So what is the way of raising a child?Blood Meridian is the most violent book I have ever read.
At a young age, said the judge, they should be put in a pit with wild dogs. They should be set to puzzle out from their proper clues the one of three doors that does not harbor wild lions. They should be made to run naked in the desert until...
Hold now, said Tobin. The question was put in all earnestness.
And the answer, said the judge. If God meant to interfere in the degeneracy of mankind would he not have done so by now?
When Glanton and his chiefs swung back through the village people were running out under the horses' hooves and the horses were plunging and some of the men were moving on foot among the huts with torches and dragging the victims out, slathered and dripping with blood, hacking at the dying and decapitating those who knelt for mercy.

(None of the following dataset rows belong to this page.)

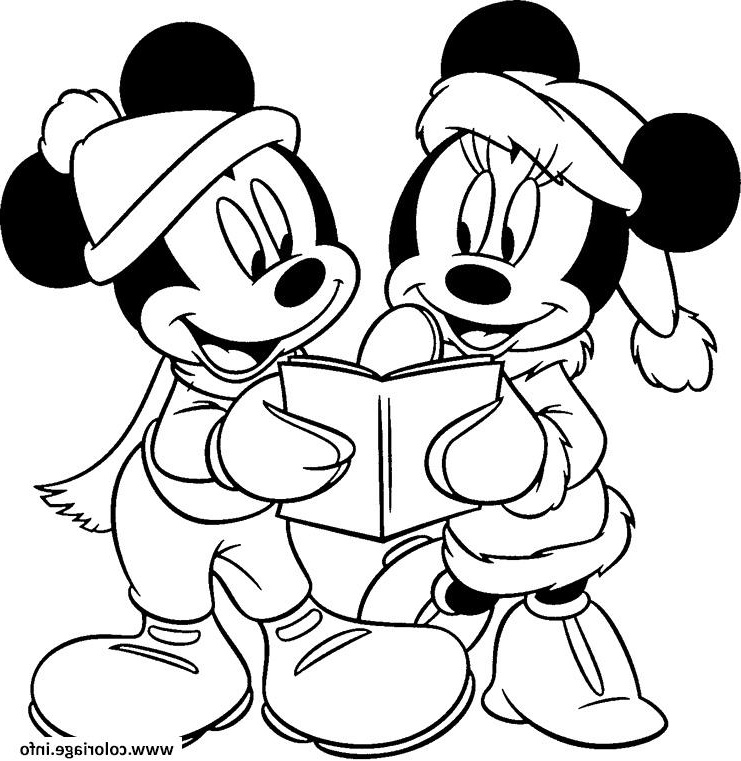 mickey mouse noel disney pour enfants coloriage dessin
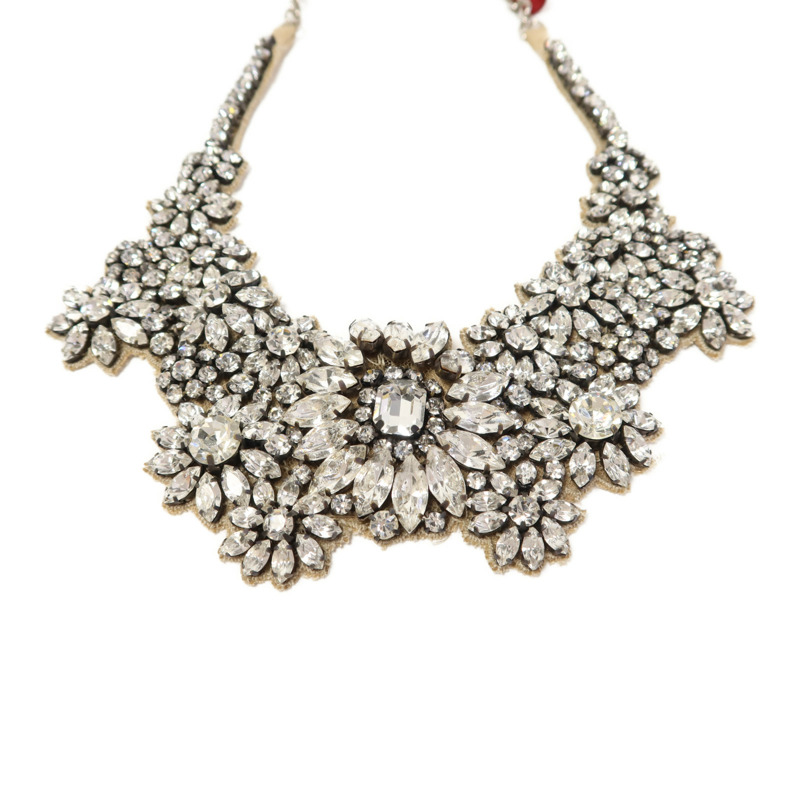 Valentino 金屬/水鑽/絲質Necklace項鍊-1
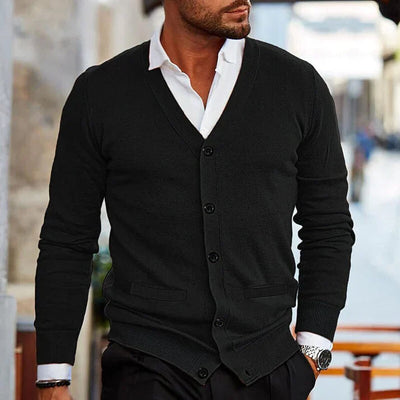 Elias – Smart Casual Button Down Cardigan Men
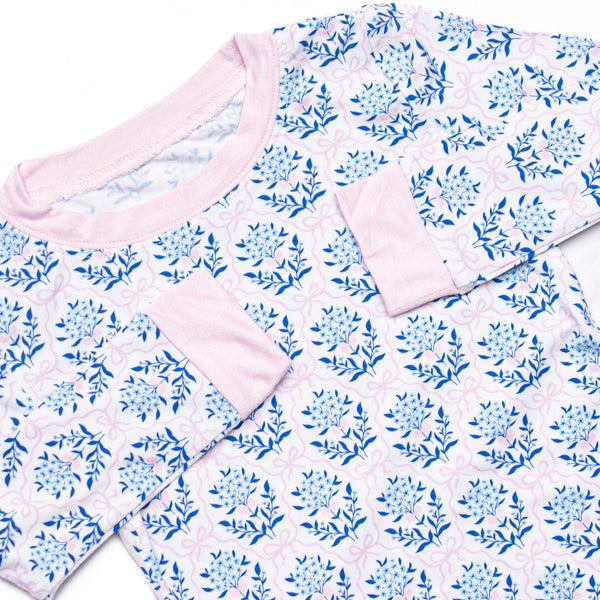 Bluebell and Bloom Bamboo Pajama Set, Blue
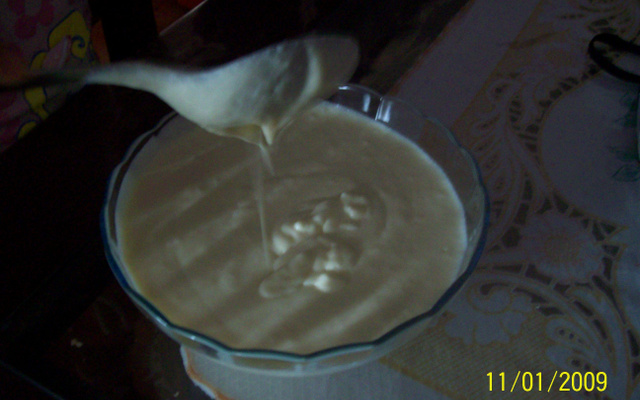 Molho branco com batata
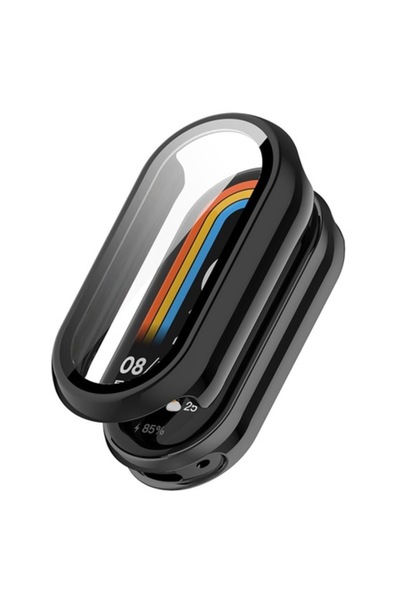 Danex Husă de protecție pentru Xiaomi Mi Band 9/9 NFC + Film, T32, Lexgard, Deep Dark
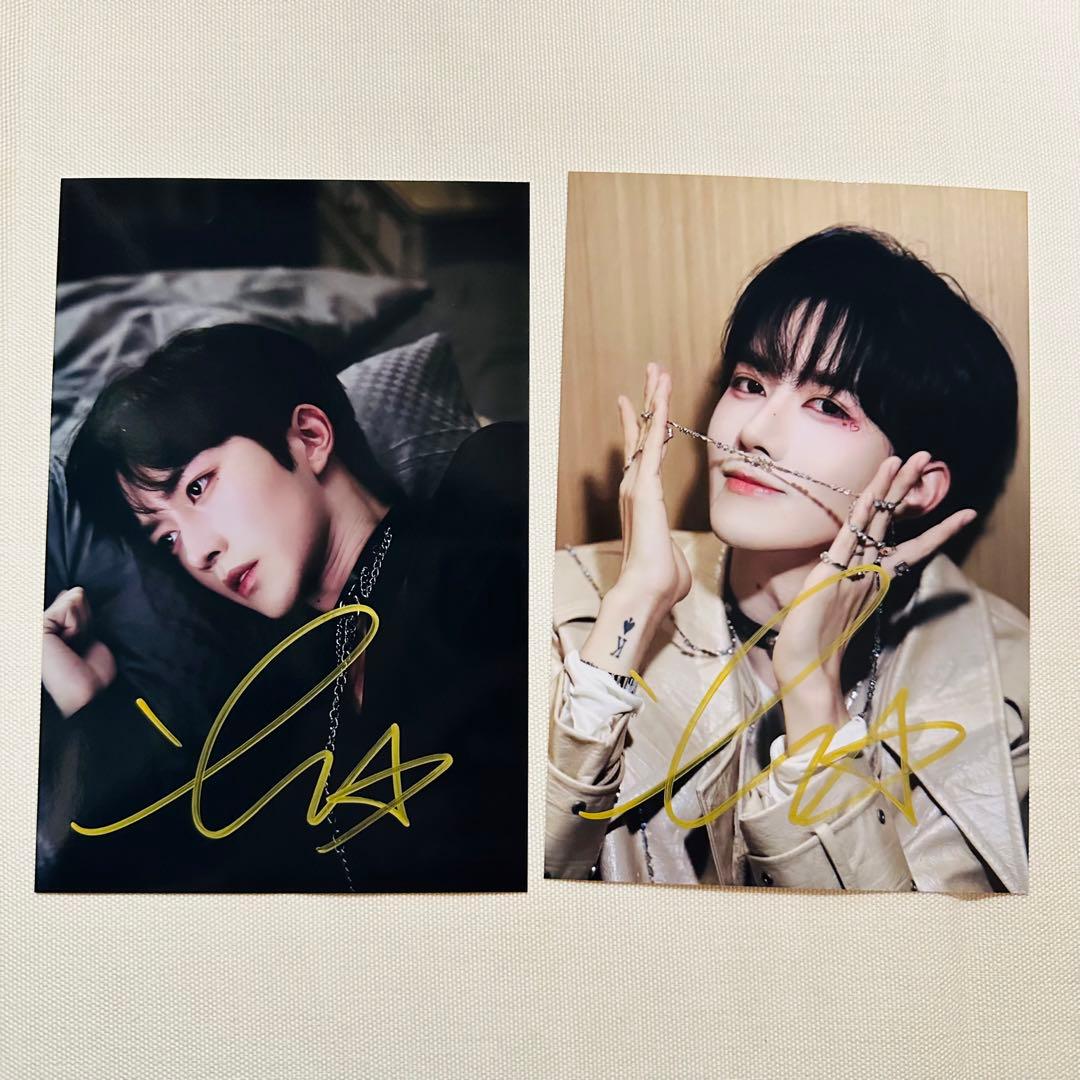 黄星 邱鼎杰 中国初ABO BLドラマ宣伝直筆サイン専用ページ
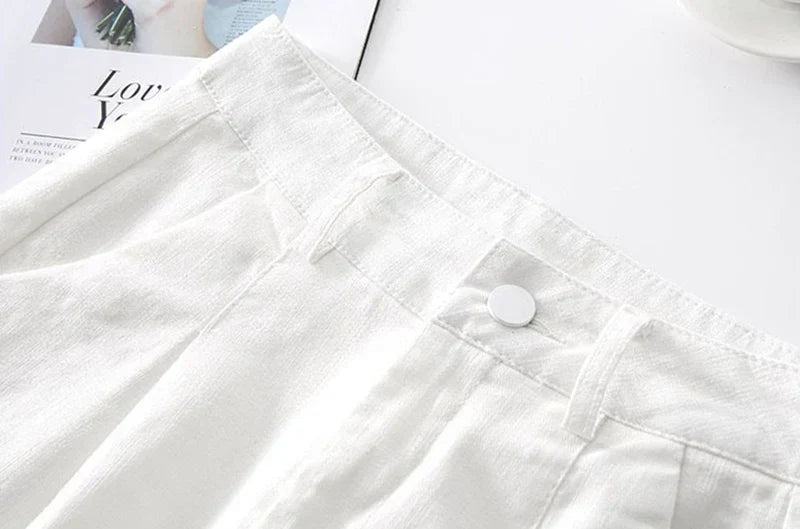 Florence high-waisted pleated tailored shorts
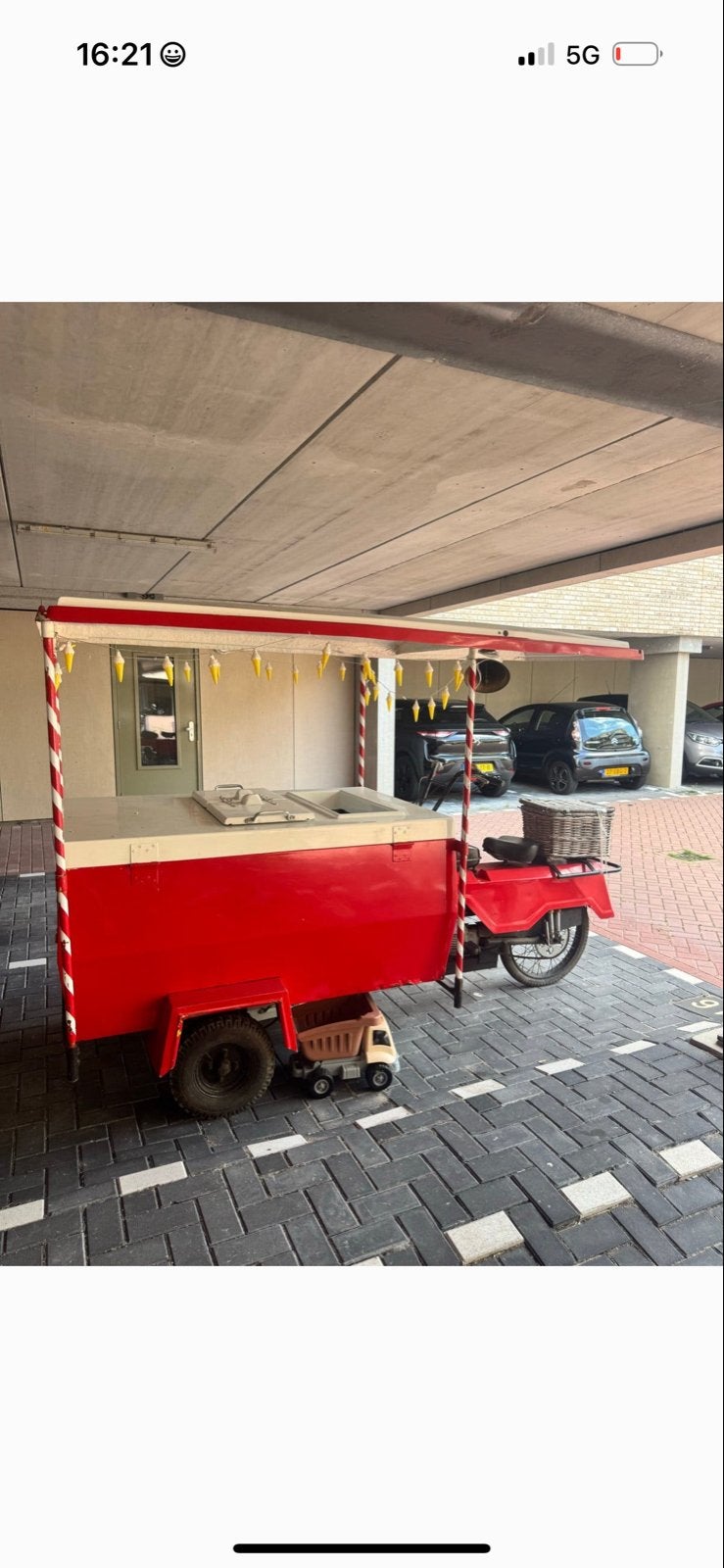 IJskar oldtimer - vriest goed, heeft onderhoud nodig, Ophalen of Verzenden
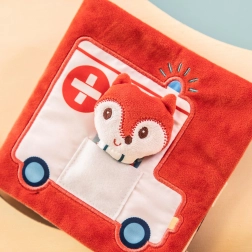 Lilliputiens - tekstilna knjižica z lisičko zdravnico Alice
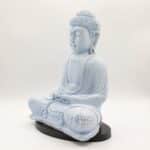 Meditation Buddha Lamp Sky Blue - Oval Stand - Image 7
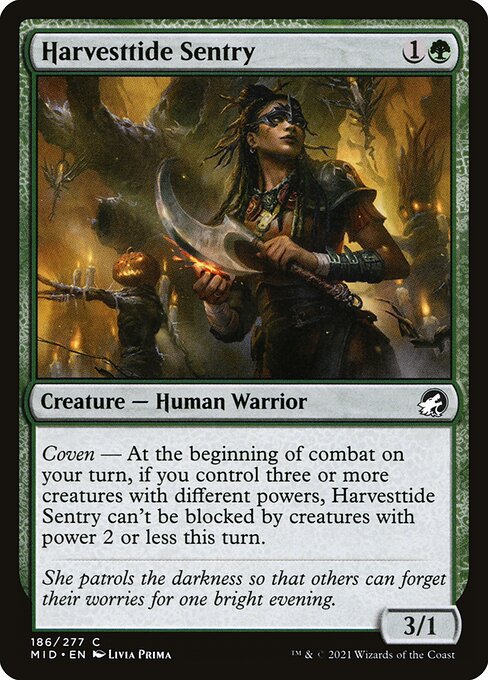 Harvesttide Sentry - Innistrad: Midnight Hunt - 186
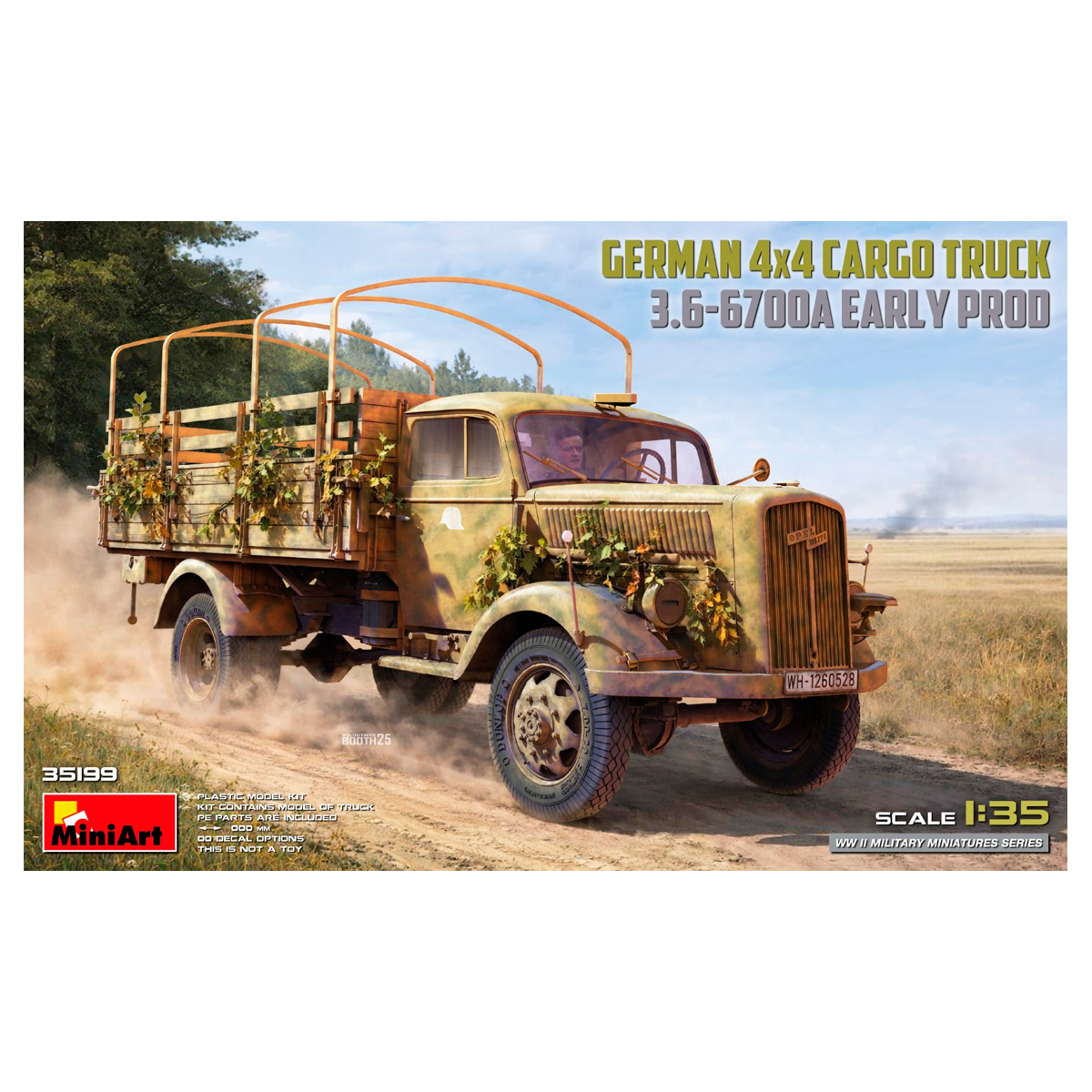ak-interactive-1-35-german-3t-4x4-cargo-truck-3-6-6700a-early-prod-kit-modellino image 1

There were in the camp a number of Mexican slaves and these ran forth calling out in spanish and were brained or shot and one of the Delawares emerged from the smoke with a naked infant dangling in each hand and squatted at a ring of midden stones and swung them by the heels each in turn and bashed their heads against the stones so that the brains burst forth through the fontanel in a bloody spew and humans on fire came shrieking forth like berserkers and the riders hacked them down with their enormous knives and a young woman ran up and embraced the bloodied forefeet of Glanton's warhorse.
The above quotation is not the worst, but merely an example of the norm. McCarthy is has beautiful prose and so I guess with much power comes the ability to much evil as well as much good. McCarthy can write awesomely disturbing prose as well as astoundingly beautiful.
I do not think, however, that McCarthy's bloodlust is a reason to avoid Blood Meridian. Sometimes we need to look reality in the face. More disturbing than the bashing infants heads on stones is the likelihood that this is how it happened. Blood Meridian is based on actual events, although it is anything but a true to life story. A man named Samuel Chamberlain was actually a raider in a group known as the Glanton gang which was not innocent of such atrocities as McCarthy attributes to him. But then again, few of us are.
Humanity, in its insulated and cultured security--at least as we know it here in this wonderful place called the United States of America--this humanity has closed its eyes to the reality that it is standing on. I am envisioning a willful child with eyes that look anywhere but on the the pile of skulls it stands upon. We marvel at the great distance we can see, but we never dare to ask how we came by our convenient stool.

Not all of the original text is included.